=== DATA EXTRACT ===
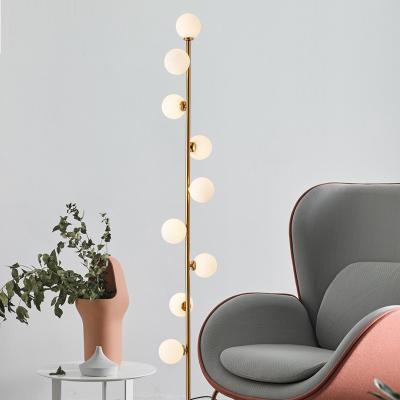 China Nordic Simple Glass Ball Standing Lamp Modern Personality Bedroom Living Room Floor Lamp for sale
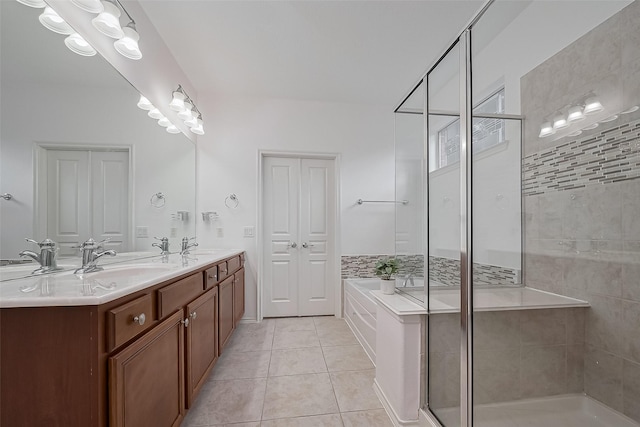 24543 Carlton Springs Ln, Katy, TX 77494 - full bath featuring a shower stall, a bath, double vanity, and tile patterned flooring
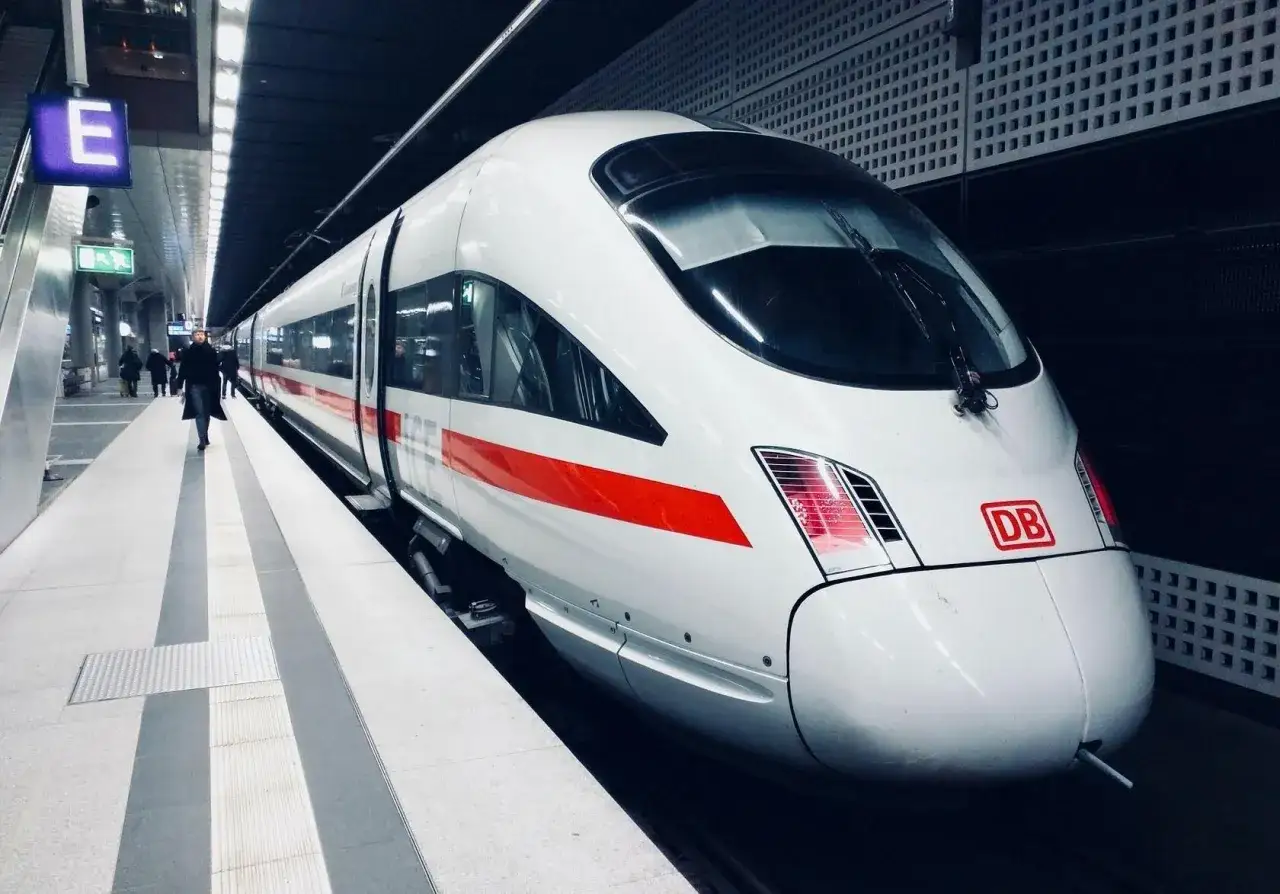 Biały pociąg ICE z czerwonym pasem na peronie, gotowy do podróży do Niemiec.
===
=== DATA EXTRACT ===
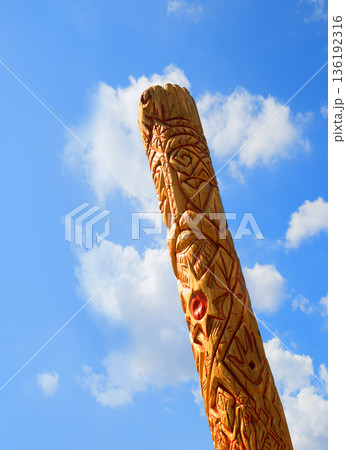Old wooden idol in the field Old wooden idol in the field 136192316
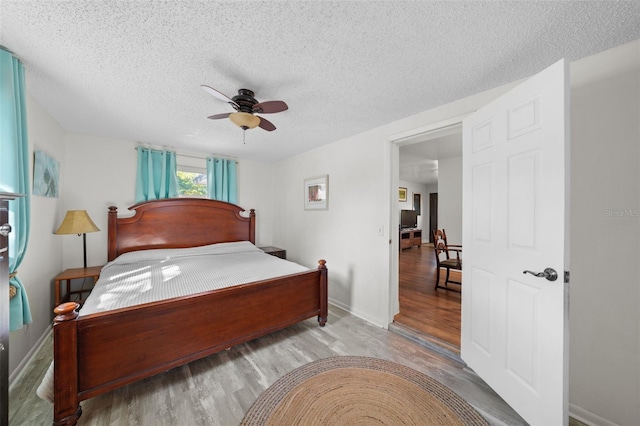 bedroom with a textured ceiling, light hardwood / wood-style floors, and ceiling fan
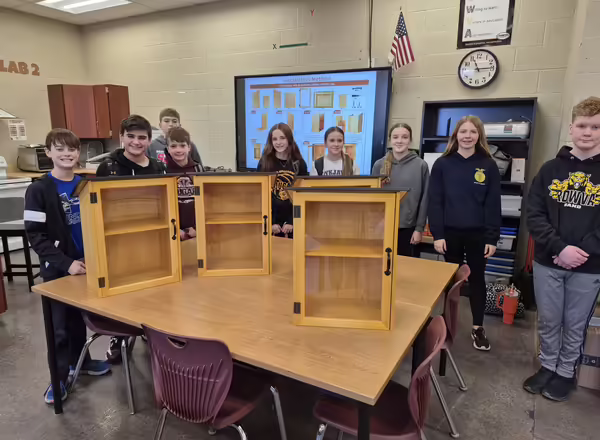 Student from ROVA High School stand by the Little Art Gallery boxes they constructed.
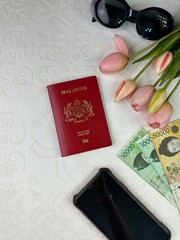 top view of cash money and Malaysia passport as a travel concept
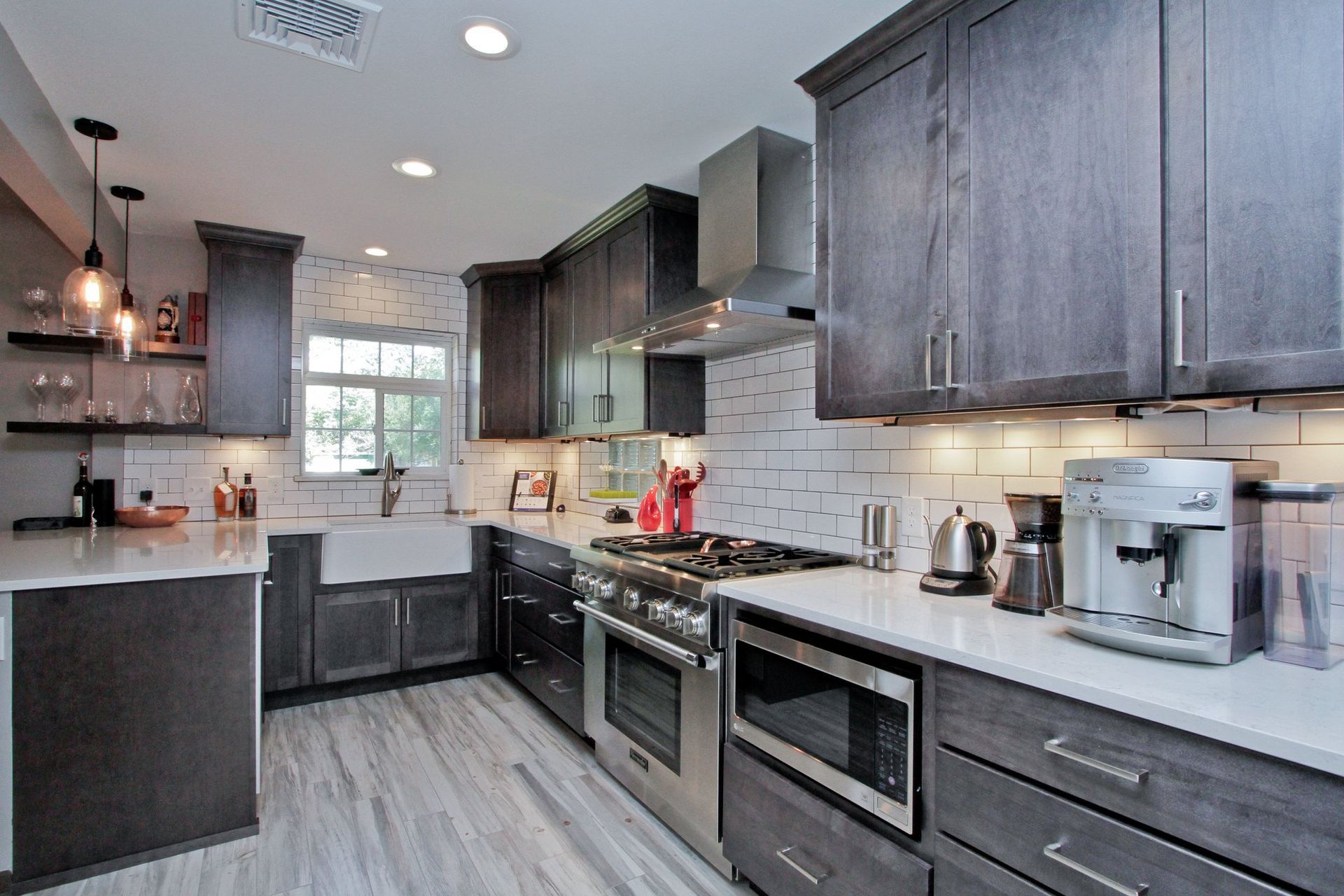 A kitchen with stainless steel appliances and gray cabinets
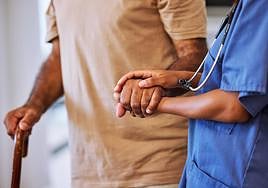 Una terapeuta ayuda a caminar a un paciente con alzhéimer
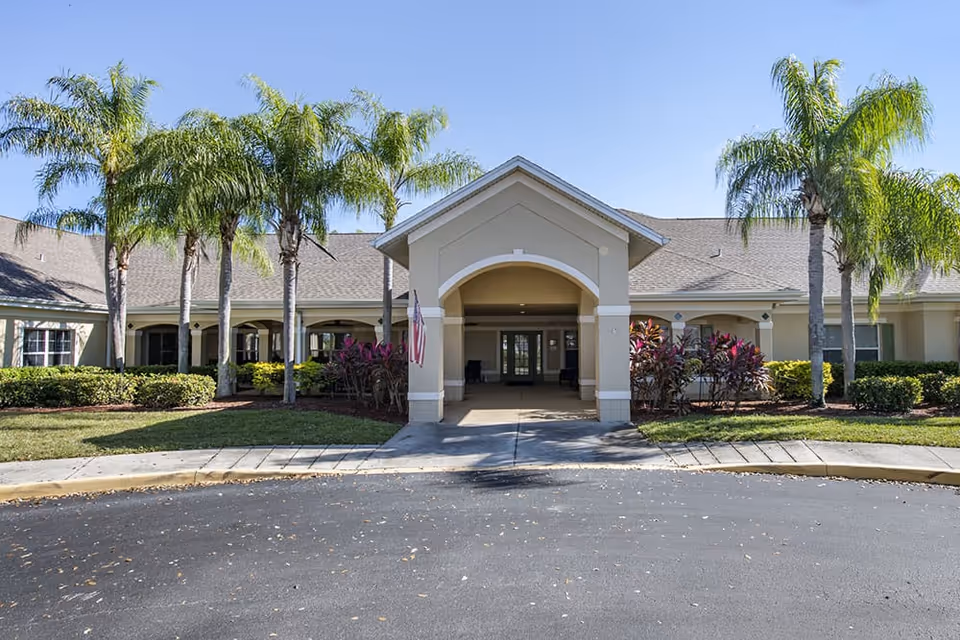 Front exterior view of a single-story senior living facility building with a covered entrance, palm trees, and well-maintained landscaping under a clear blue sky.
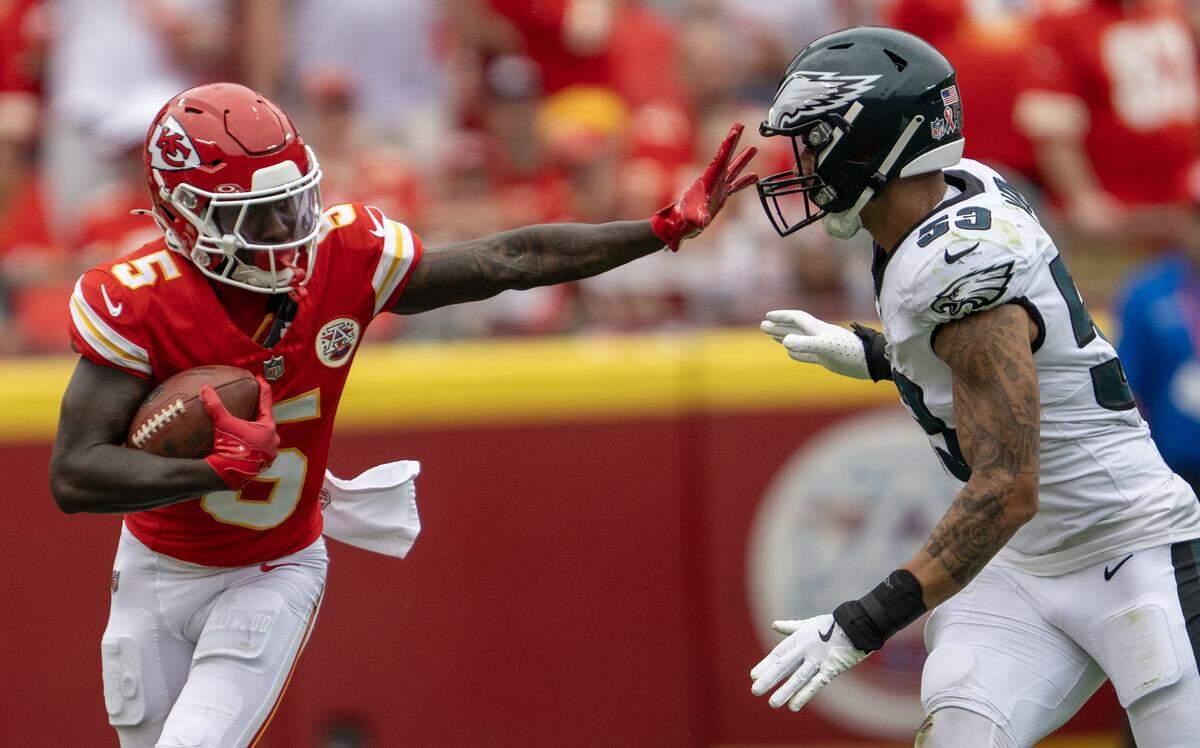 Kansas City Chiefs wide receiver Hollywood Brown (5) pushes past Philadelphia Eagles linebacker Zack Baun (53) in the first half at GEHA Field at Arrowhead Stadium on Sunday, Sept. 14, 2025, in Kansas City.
===
=== DATA EXTRACT ===
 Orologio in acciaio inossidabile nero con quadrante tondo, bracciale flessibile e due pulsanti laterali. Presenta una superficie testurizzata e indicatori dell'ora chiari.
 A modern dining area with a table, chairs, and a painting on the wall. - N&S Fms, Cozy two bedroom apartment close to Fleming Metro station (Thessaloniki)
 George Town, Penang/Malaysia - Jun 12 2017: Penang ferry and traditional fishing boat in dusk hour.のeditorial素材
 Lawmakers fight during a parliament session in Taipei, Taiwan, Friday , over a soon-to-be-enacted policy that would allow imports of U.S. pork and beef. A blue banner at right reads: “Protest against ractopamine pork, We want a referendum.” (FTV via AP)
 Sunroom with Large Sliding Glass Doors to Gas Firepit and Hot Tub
===
== TASK INSTRUCTIONS ==
In the entries above, find the line containing "top view of" and the line containing "Kansas City Chiefs"; give again exactly those two lines and every line between them, minus the pictures.

== SOLUTION BELOW ==
 top view of cash money and Malaysia passport as a travel concept
 A kitchen with stainless steel appliances and gray cabinets
 Una terapeuta ayuda a caminar a un paciente con alzhéimer
 Front exterior view of a single-story senior living facility building with a covered entrance, palm trees, and well-maintained landscaping under a clear blue sky.
 Kansas City Chiefs wide receiver Hollywood Brown (5) pushes past Philadelphia Eagles linebacker Zack Baun (53) in the first half at GEHA Field at Arrowhead Stadium on Sunday, Sept. 14, 2025, in Kansas City.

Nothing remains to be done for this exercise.